Consciente de que se acababa lo que se daba, el público echó el resto en los últimos temas. Sonó primero, con sus vocecitas de helio y su línea de teclado pegadiza, casi insidiosa, Take me to the hospital, y no otra cosa hemos pensado cuando el niño nos ha despertado a las 6:54 cantándonos a medio milímetro de la oreja la canción de Jack Skeleton. Gran subidón después con Invaders must die, tema para banda sonora de imaginario y apocalíptico videojuego de 8 bits, y con Diesel power, la canción más Public Enemy de The fat of the land, raíz hip-hop que en su lectura en directo quedó borrada en favor de una divertida intro con solo de sinte a cargo de Howlett en la que pasó por el filtro Prodigy el tema de El coche fantástico.

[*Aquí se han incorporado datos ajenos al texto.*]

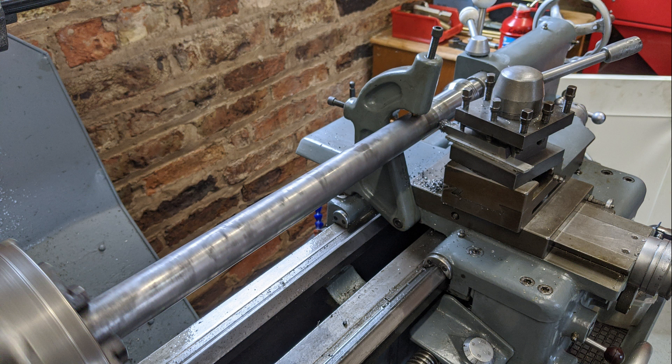Welcome to Haxby Shed. My lathe came as standard with a four-way tool holder. It's a nice bit of equipment, but I got tired of adjusting the tool heights all the time, and although it's four-way, somehow I never seem to get more than two tools in it at any time.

El final llegó con la pequeña fantasía de escapismo cósmico-macarra de Out of Space, himno del grupo desde sus primeros tiempos, con ese viejo reggae del jamaicano Max Romeo centrifugado y retorcido hasta el delirio, hasta hacernos desear no tener que hacer nada esta mañana, ni en el resto del día, volver a tener casi 20 años, reunir a todos nuestro amigos en vez de mandarles vídeos por WhatsApp y meterle fuego a la noche.